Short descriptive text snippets
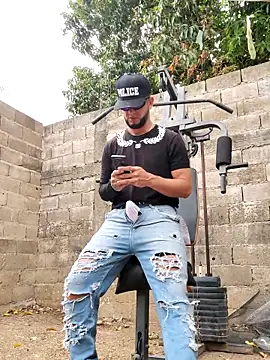 PIGHIGHDIRTY p0 online show from April 22, 5:40 pm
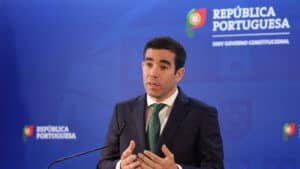 Buscas da PJ envolvem empresa com ligações a cunhado e irmão do ministro Leitão Amaro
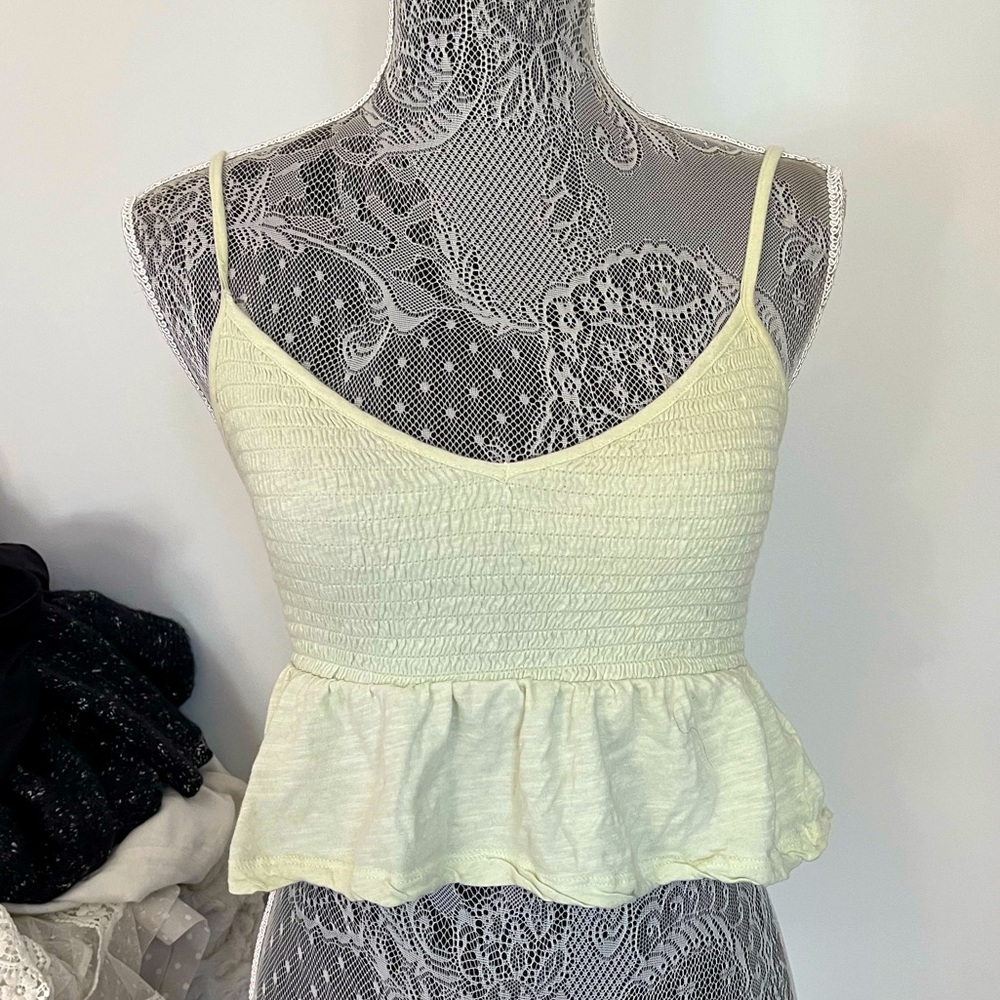 Lt Green top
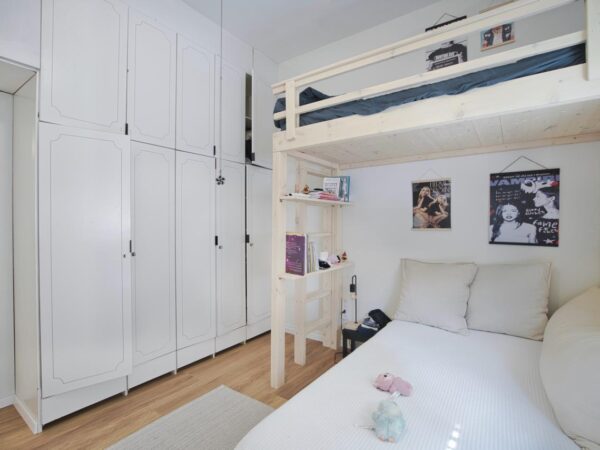 Pretty 3 Room On Iconic Sderot Chen BLVD 9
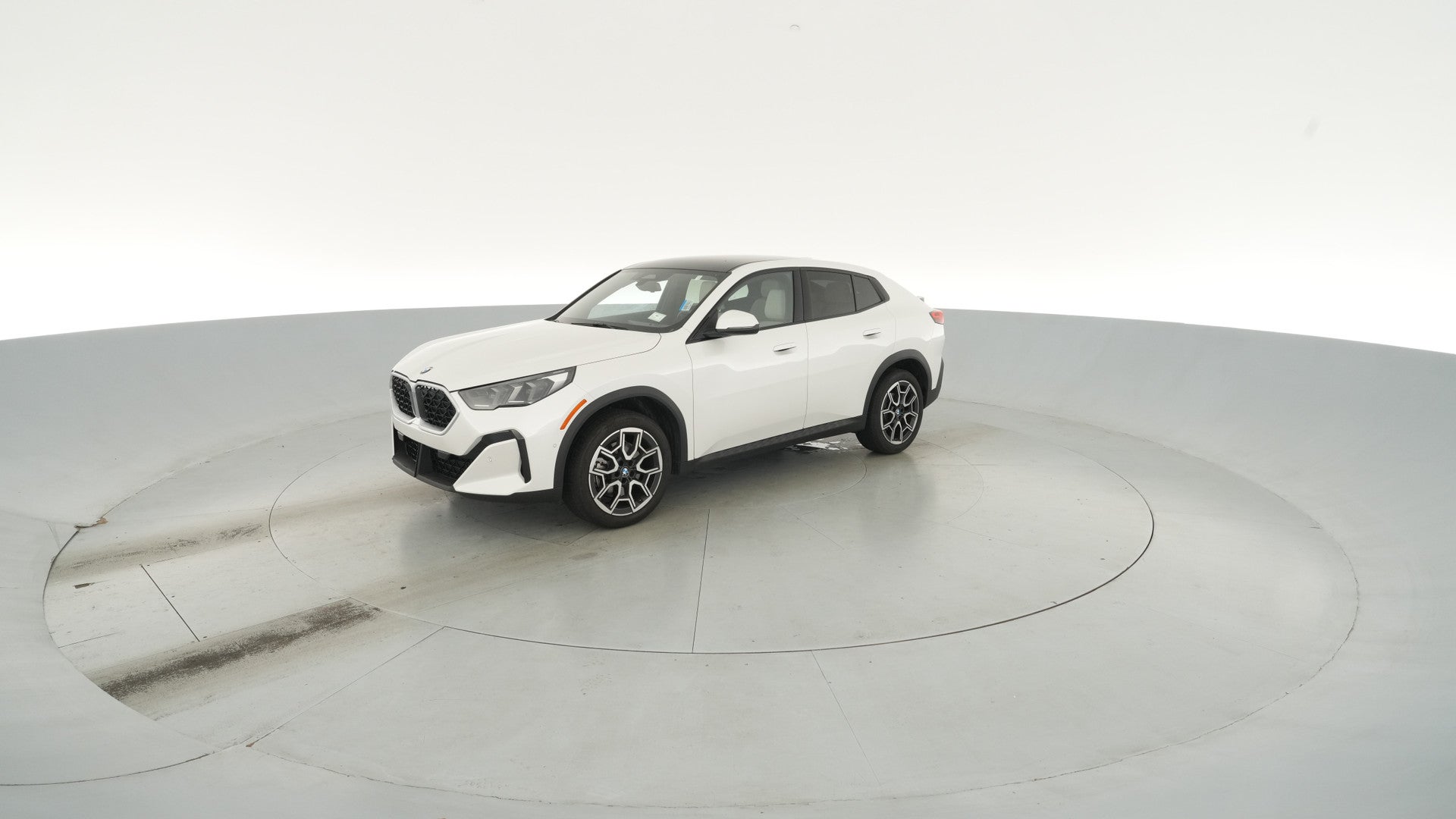 2026 BMW X2 vehicle photo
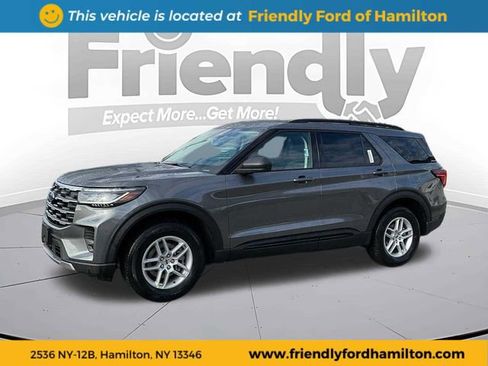 Used 2026 Ford Explorer Active AWD/4WD image 4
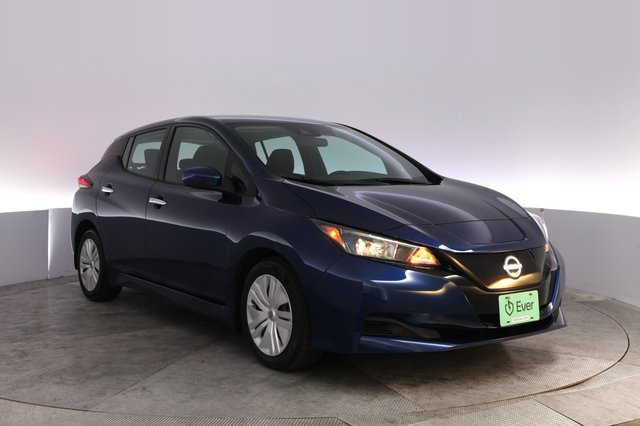 2025 Nissan LEAF — photo 10 of 25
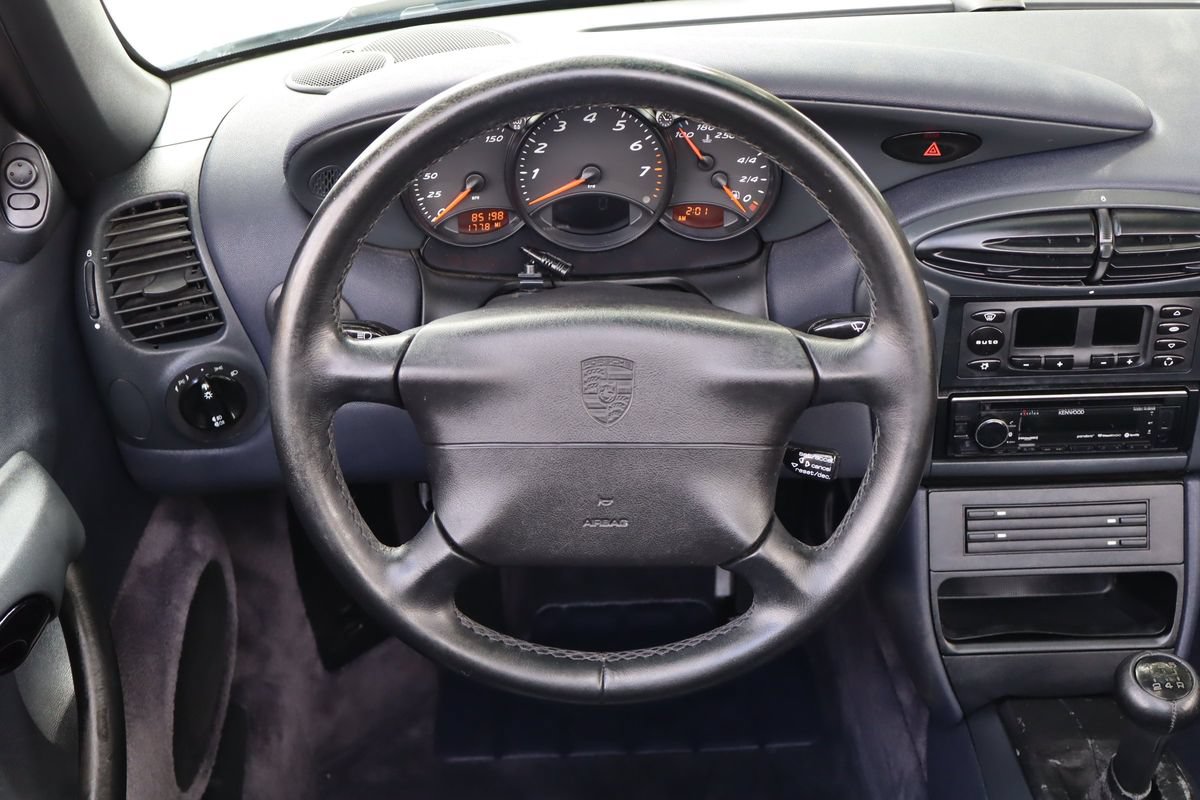 Used 1999 Porsche Boxster RWD image 32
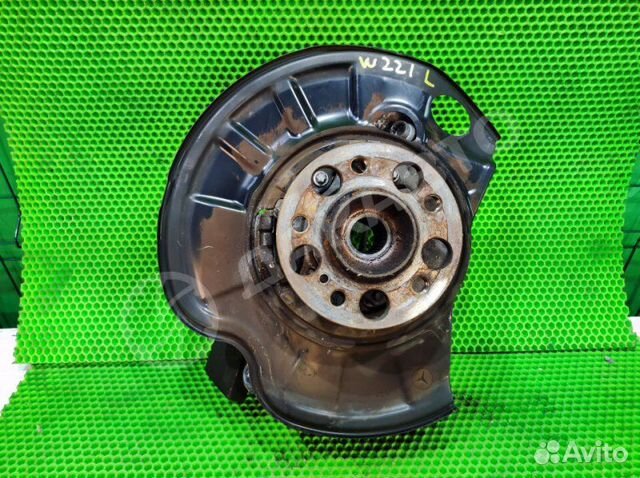 Цапфа (кулак) задняя левая Mercedes-Benz S W221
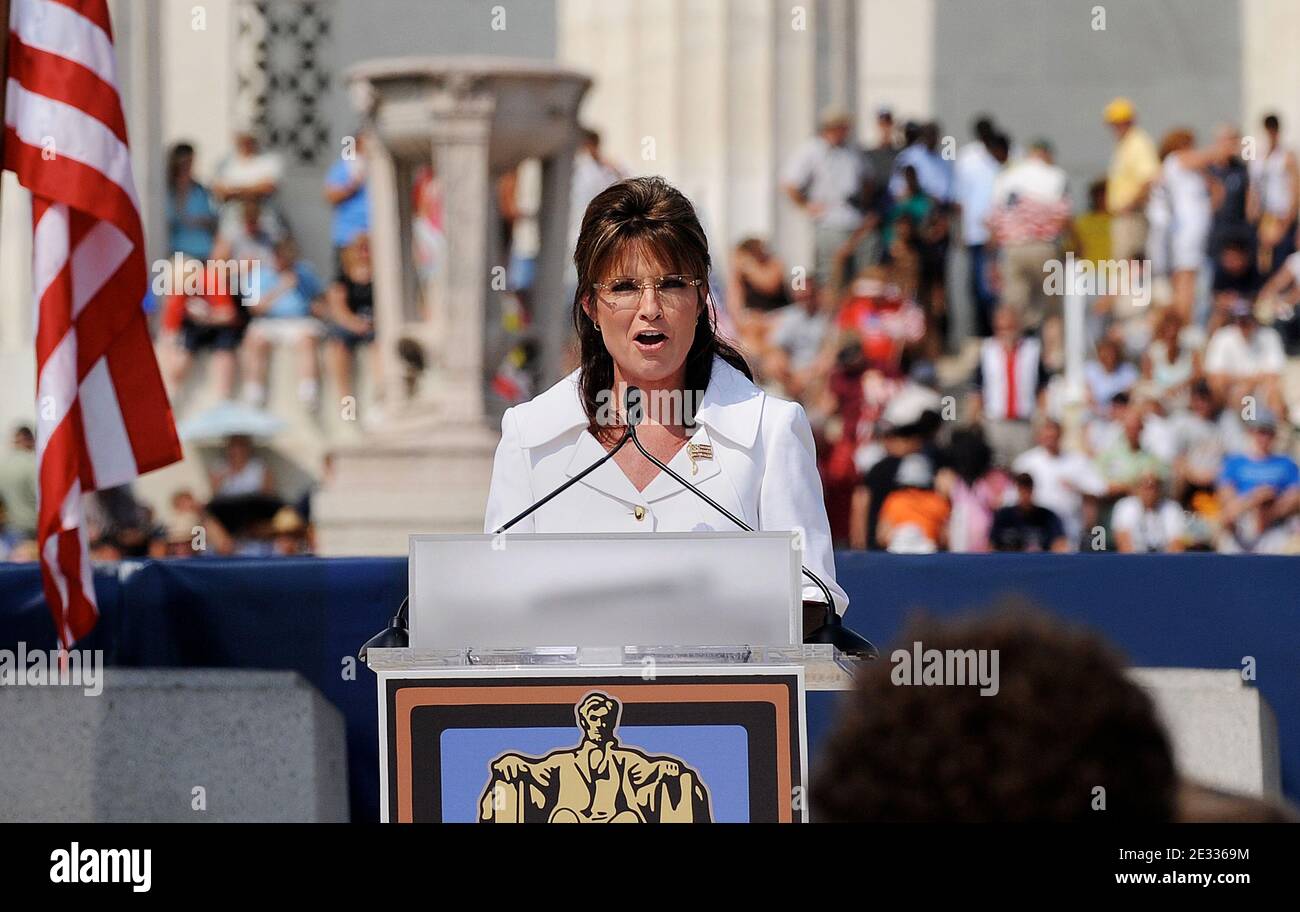 'L'ex governatore dell'Alaska Sarah Palin si rivolge a migliaia di attivisti del Tea Party in un ''Restoring America'' Rally il 28 agosto 2010 a Washington, DC, USAPhoto by Olivier Douliery/ABACAPRESS.COM' Foto Stock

§ ABOUT THIS EXERCISE:
Each line from the one containing "2025 Nissan LEAF — photo 10 of 25" to the final line of the data must be printed exactly, both included, with nothing else and no pictures.

§ ANSWER BOX:
 2025 Nissan LEAF — photo 10 of 25
 Used 1999 Porsche Boxster RWD image 32
 Цапфа (кулак) задняя левая Mercedes-Benz S W221
 'L'ex governatore dell'Alaska Sarah Palin si rivolge a migliaia di attivisti del Tea Party in un ''Restoring America'' Rally il 28 agosto 2010 a Washington, DC, USAPhoto by Olivier Douliery/ABACAPRESS.COM' Foto Stock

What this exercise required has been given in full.